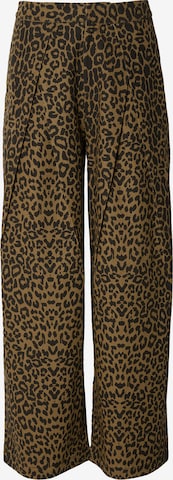 Wide leg Pantaloni 'Zola' de la Lollys Laundry pe maro: față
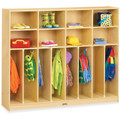 Jonti-Craft Rainbow Accents Large Neat-n-Trim Locker - 8 Compartment(s) - 50.50" Height x 60" Width x 15" Depth - Durable, Hanging Hook, Rounded Corner - Baltic - Acrylic - 1 Each
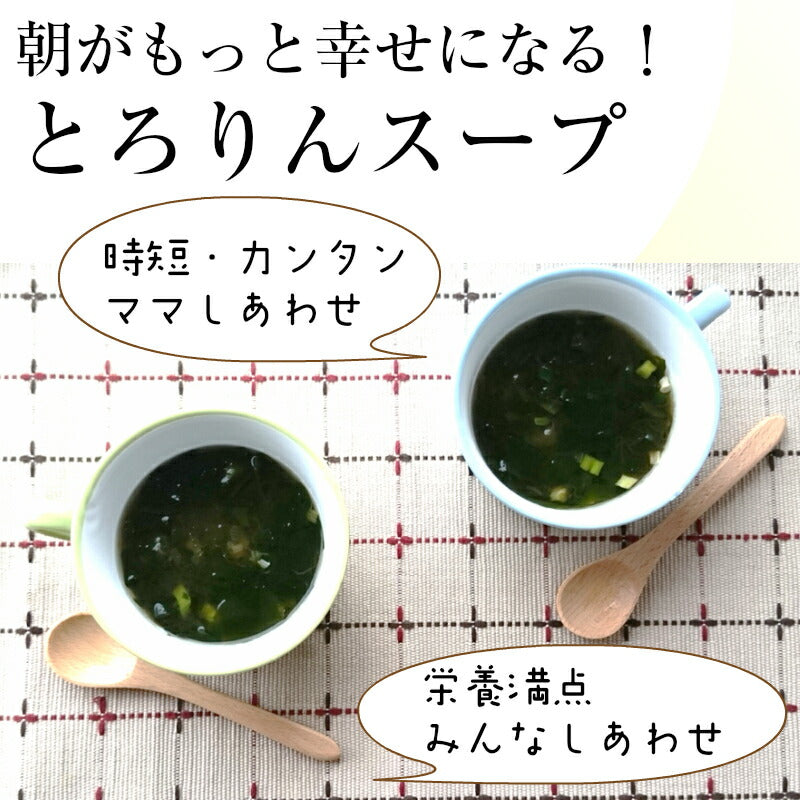 【超得ハイパーSALE】［大袋]とろりんスープ昆布と海藻 うめ味 [50杯分] 200g×1袋 即席スープの素 お徳用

> [Task statement]:
Could you print the whole listing again, exactly, leaving the pictures out?

> [Response area]:
 Wide leg Pantaloni 'Zola' de la Lollys Laundry pe maro: față
 Jonti-Craft Rainbow Accents Large Neat-n-Trim Locker - 8 Compartment(s) - 50.50" Height x 60" Width x 15" Depth - Durable, Hanging Hook, Rounded Corner - Baltic - Acrylic - 1 Each
 【超得ハイパーSALE】［大袋]とろりんスープ昆布と海藻 うめ味 [50杯分] 200g×1袋 即席スープの素 お徳用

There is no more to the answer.